=== Material provided ===
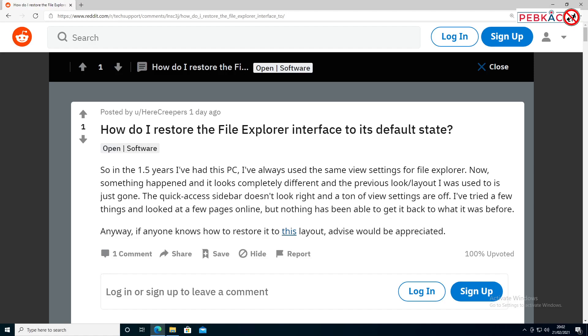Hey what's happening YouTube, it's Darren from Pepcac here again with another tech support video from the tech support subreddit. This is in response to the question you see on your screen, posted by creepers, asking how do I restore the File Explorer interface to its default state.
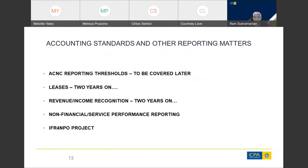Moving on to a few other matters: leases under AASB 16 still tend to be challenging in the not-for-profit space, particularly when you need to present value your right-of-use asset and lease liability and establish your discount rate or effective interest rate. Broadly speaking, most people have gotten on with incorporating the requirements of AASB 16 into their financial statements. On revenue and income recognition — AASB 15 and AASB 1058 — we are still getting some challenges.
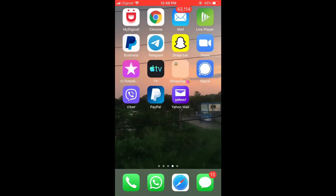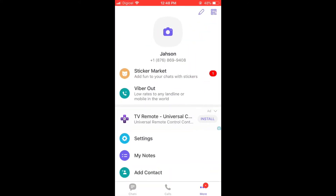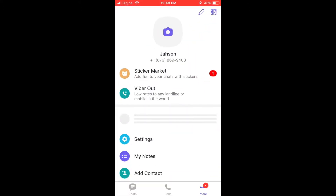Hello, welcome to Simple Answers. I'm your host Jason. In this video I'll be showing you how to turn off in-app sounds on the Vibra app. First, let's go into Vibra. From here you're gonna tap on the three dots in the bottom right-hand corner.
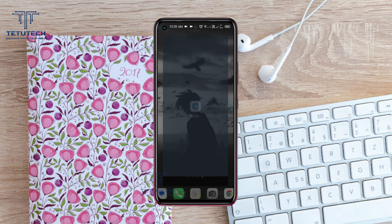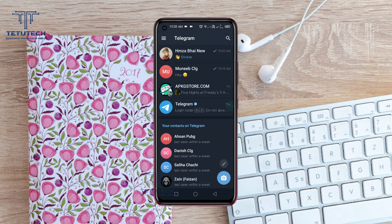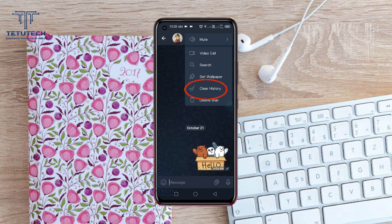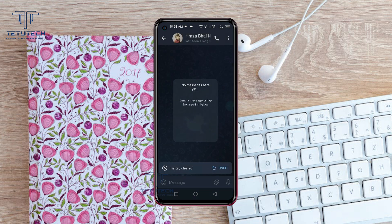First of all, you need to open your Telegram app and open the chat. Then tap the three dots on the top right, tap clear history, and tap delete. Now your chat history will be deleted.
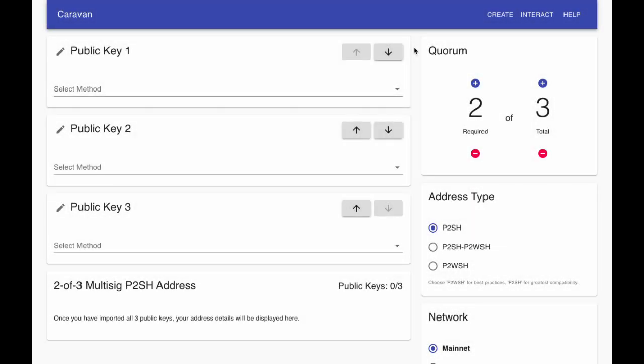In this video, we will generate a native SegWit 1 of 2 multi-signature address using a Trezor and a Ledger with Caravan. Caravan allows for any valid M of N multi-signature address scheme up to a 7 key maximum.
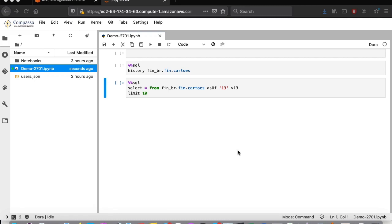First, I would like to show you how we can materialize an analysis in a reusable and shared table. I'm here in our example notebook, and I will upload another JSON file.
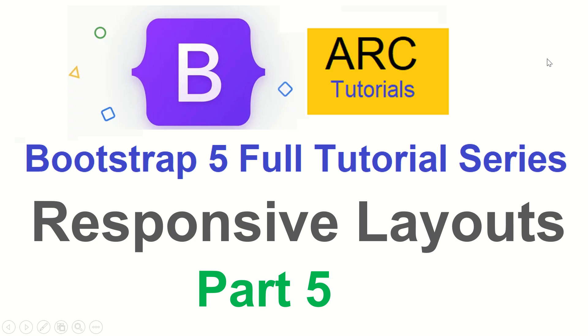Hi friends, welcome back to ARC Tutorials. This is Bootstrap 5 Full Tutorial Series for Beginners. This is part 5 of the series and in today's episode we are going to learn about the responsive utilities provided by Bootstrap.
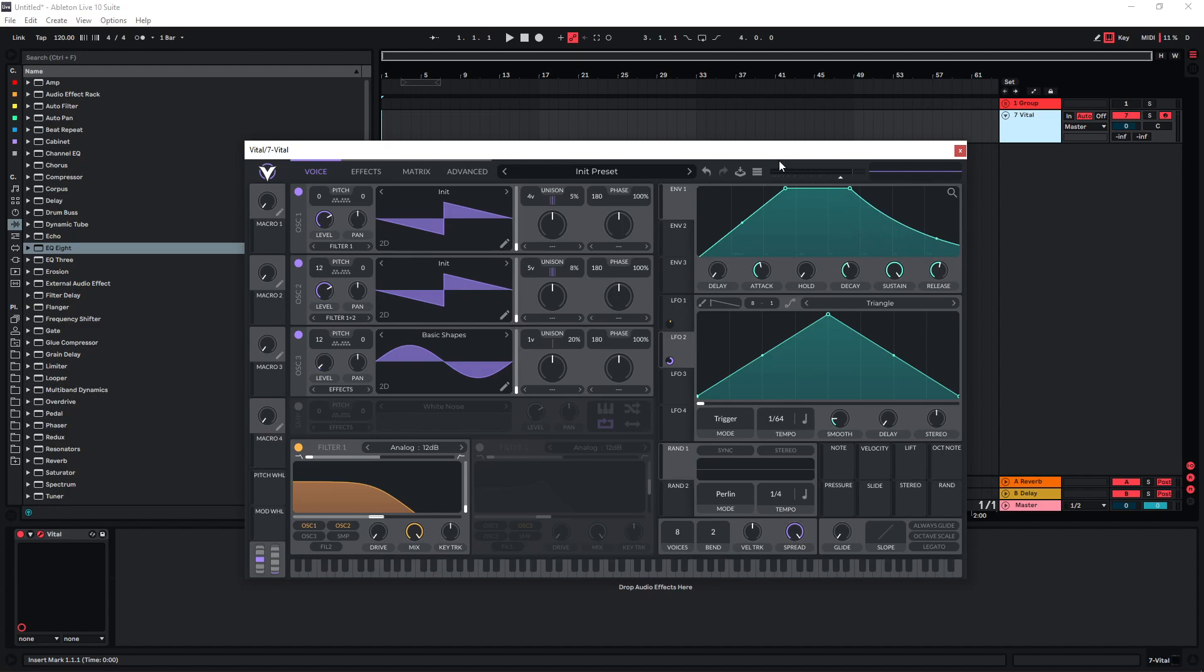And this in combination with the reverb which also of course gives us a longer tail is gonna help to just make transitions between different notes a bit smoother.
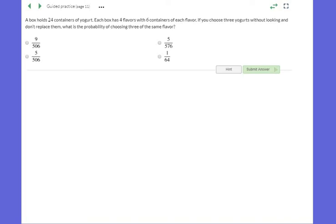On number 11, we have a box of 24 yogurts. Each box has four flavors with six of each flavor — four times six gives us 24. It says if you choose three yogurts without looking and don't replace them. So if I eat one yogurt, how many are left in the container? Twenty-three. And if I eat one strawberry, how many strawberries are left? Five.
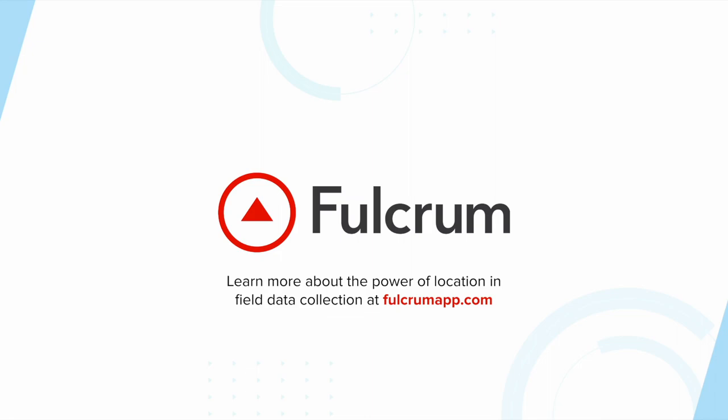That's it for our demonstration. There's a ton more to learn about our geospatial capabilities, so if you're interested, visit Fulcrum at fulcrumapp.com.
===
Your reply should repeat the entries above exactly, leaving the pictures out.

**Task result:**
Hey what's happening YouTube, it's Darren from Pepcac here again with another tech support video from the tech support subreddit. This is in response to the question you see on your screen, posted by creepers, asking how do I restore the File Explorer interface to its default state.
Moving on to a few other matters: leases under AASB 16 still tend to be challenging in the not-for-profit space, particularly when you need to present value your right-of-use asset and lease liability and establish your discount rate or effective interest rate. Broadly speaking, most people have gotten on with incorporating the requirements of AASB 16 into their financial statements. On revenue and income recognition — AASB 15 and AASB 1058 — we are still getting some challenges.
Hello, welcome to Simple Answers. I'm your host Jason. In this video I'll be showing you how to turn off in-app sounds on the Vibra app. First, let's go into Vibra. From here you're gonna tap on the three dots in the bottom right-hand corner.
First of all, you need to open your Telegram app and open the chat. Then tap the three dots on the top right, tap clear history, and tap delete. Now your chat history will be deleted.
In this video, we will generate a native SegWit 1 of 2 multi-signature address using a Trezor and a Ledger with Caravan. Caravan allows for any valid M of N multi-signature address scheme up to a 7 key maximum.
First, I would like to show you how we can materialize an analysis in a reusable and shared table. I'm here in our example notebook, and I will upload another JSON file.
Hi friends, welcome back to ARC Tutorials. This is Bootstrap 5 Full Tutorial Series for Beginners. This is part 5 of the series and in today's episode we are going to learn about the responsive utilities provided by Bootstrap.
And this in combination with the reverb which also of course gives us a longer tail is gonna help to just make transitions between different notes a bit smoother.
On number 11, we have a box of 24 yogurts. Each box has four flavors with six of each flavor — four times six gives us 24. It says if you choose three yogurts without looking and don't replace them. So if I eat one yogurt, how many are left in the container? Twenty-three. And if I eat one strawberry, how many strawberries are left? Five.
That's it for our demonstration. There's a ton more to learn about our geospatial capabilities, so if you're interested, visit Fulcrum at fulcrumapp.com.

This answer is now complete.